Ich benutze ein SX7 T2L Hardware-Modul und finde, dass das wesentlich plastischer und nuancenreicher klingt als dieses Plugin. Wenn ich mir die entsprechenden Snippets aus den Testberichten der Dexibell Stage Pianos hier anhöre, komme ich zum gleichen Ergebnis: die Hardware klingt viel besser.
Wer es noch realistischer haben will (und den Speicherplatz für die Unmengen an Samplematerial hat), sollte sich die Vienna Symphonic Pianos kaufen. Da sitzt man dann scheinbar vor dem echten Bösendorfer & Co.
@meilstone Ich habe mir gerade des Test zur Hardware durchgelesen und ja, sehr interessant das diese Firma ein Hardware-Pianomodul hat. Robust und schön ist es ebenfalls. Es ist jetzt wirklich schwierig zu beurteilen, aber ich hatte in der Tat den Eindruck, dass Grand-P. der Hardware klingt etwas voller. Es stellt sich vielleicht die Frage, in welchem Songkontext man dieses verwendet. Bestes Beispiel ist das eigentlich fürchterlich klingende Housepiano. Dennoch gibt es zwischen 1988 und Anfang der Nuller Jahre nahezu keinen Housetrack, ohne diesem Sound. Für Solis und Spielarten wie Modern-Classic oder Smooth Jazz kann ich mir die Hardware tatsächlich besser vorstellen in Sachen authentischer Sound als die hauseigene Software. Anders sieht es vielleicht bei hochwertigen Piano-Plugins aus, wie du schon erwähnt hast: Bösendorfer oder Vienna Grand-P. Ich persönlich habe jetzt nicht übermäßig viel. Aber was zuviel ist sind Pianos,- bzw. Flügelsampler: DAW Stocksampler und natürlich Drittanbieter. Daher werde ich mir definitiv keines extra zulegen. Viele vergessen auch das ein Pianoklang aus Studio-Monitoren oder Kopfhörer nie klingen kann wie die voluminöse, natürliche Raum-Klang-Verteilung eines Flügels. Selbst bei einem E-Piano sind die Boxen so angebracht, dass es einem Flügel oder Wandpiano ähnlich kommt. Ich habe inzwischen gute Monitore, aber ein Piano daraus klingt immer irgendwie unvollkommen wegen der Stereo-Klangverteilung.
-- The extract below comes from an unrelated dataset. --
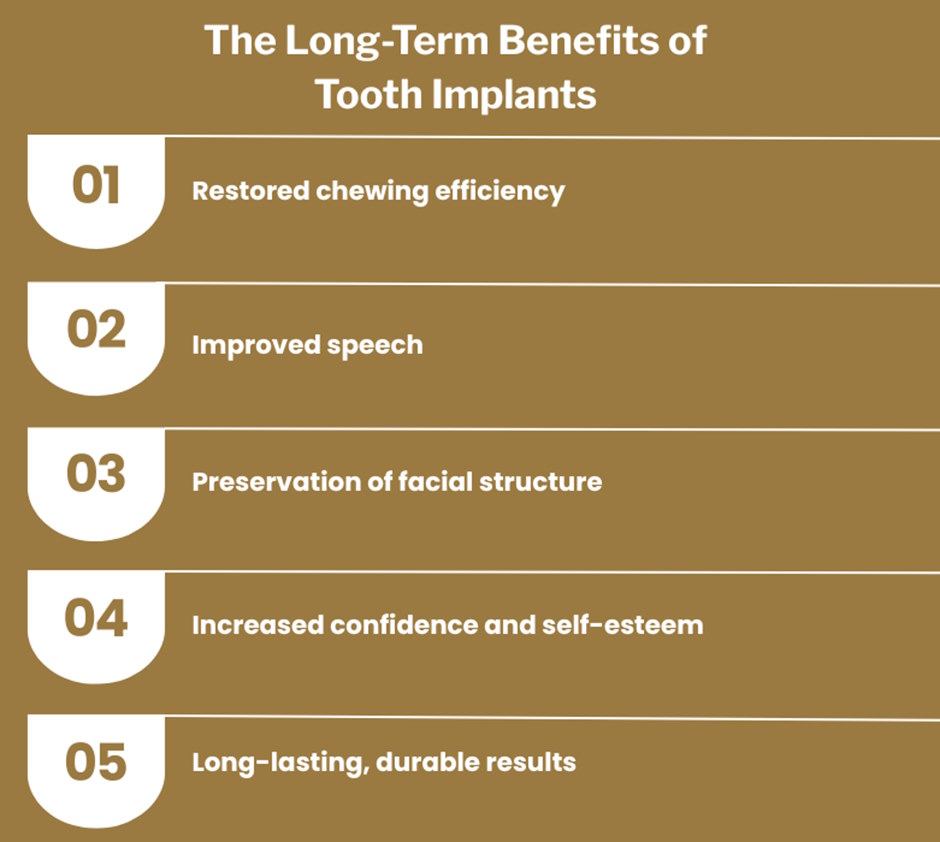 Graphic showing long-term benefits of tooth implants, including speech and chewing improvement.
Also so ganz haut mich der Sound nicht wirklich um, auch das Pianotec was ja auch auf Physical-Modeling basiert hat mich Piano nie wirklich überzeugt. Es fehlt immer so das „Fundament“…so eine schwere im Klang die man eigentlich nur am richtigen Piano fühlt und damit meine ich nicht die schwere der Tasten.
Ich hab mir damals das Meldway Grand Piano für sage und schreibe 9 Euro gekauft als es mal wieder im Angebot war und das ist es öfters, das hat bei mir das Galaxy Vintage D abgelöst.
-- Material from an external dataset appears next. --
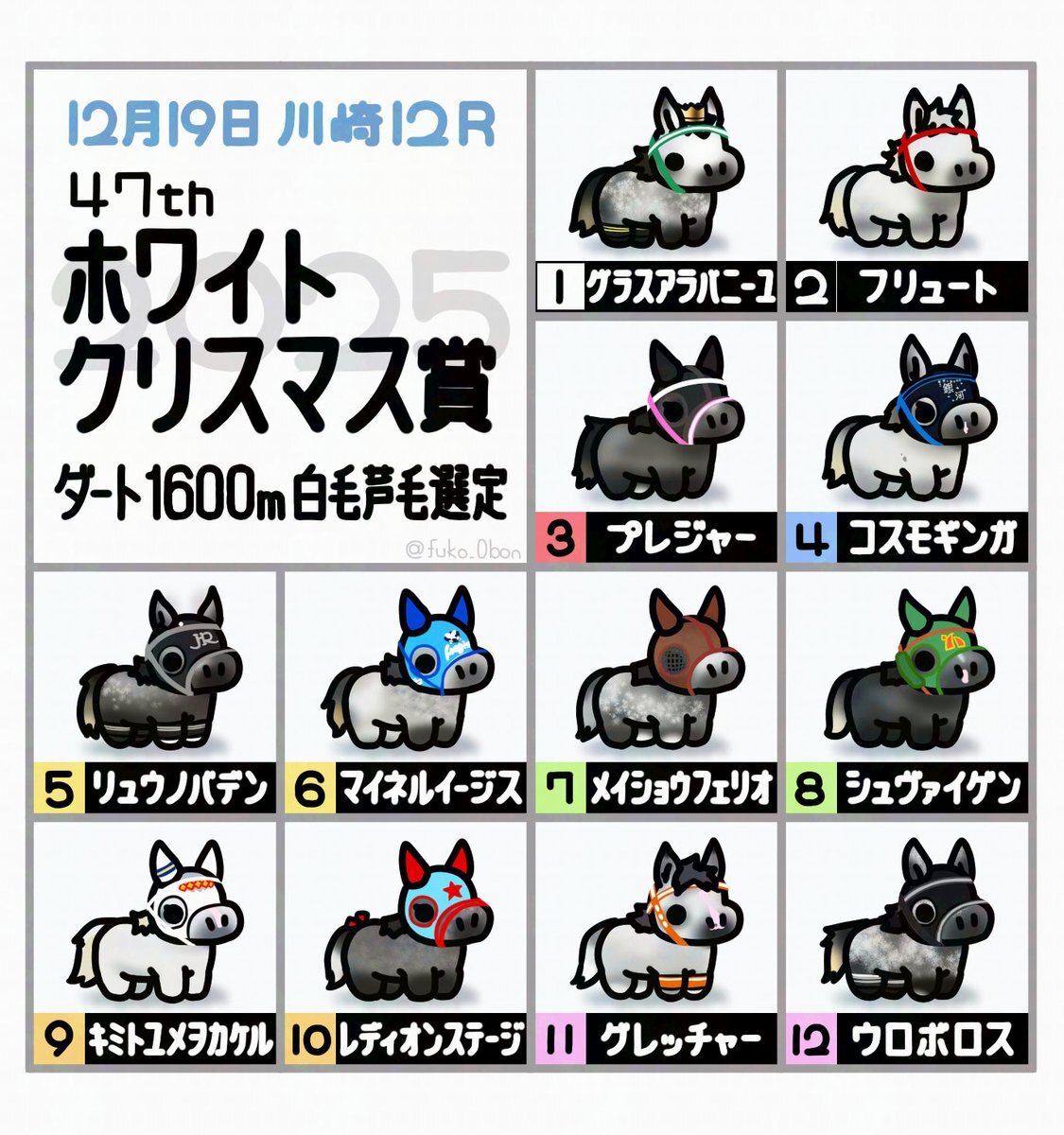 川崎・名古屋競馬、12月18日予想情報が盛り上がり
Für interessierte hier kann man das sehr gut hören und mit den Dexibell Soundbeispielen mal vergleichen da kann man vielleicht ein bischen verstehen was ich meine.
https://www.youtube.com/watch?v=x1Uk_Fd2SW4
@Dimension D Ich denke ich verstehe. „Schwere im Klang“ ist ganz gut ausgedrückt. Denke das hat was mit dem Volumen, unter anderem auch im Tieftonbereich, sprich alles links von C1, zu tun. Aber ist nur eine Annahme von mir weil ich bin ja kein Tonwissenschaftler. 😄 Auf der anderen Seite muss man bei basslastigen Songs (so wie ich sie meistens mache) immer einen harten Lo-Cut setzen, damit sich überhaupt der P-Sound im Mix durchsetzt. Sonst klingt es muddy.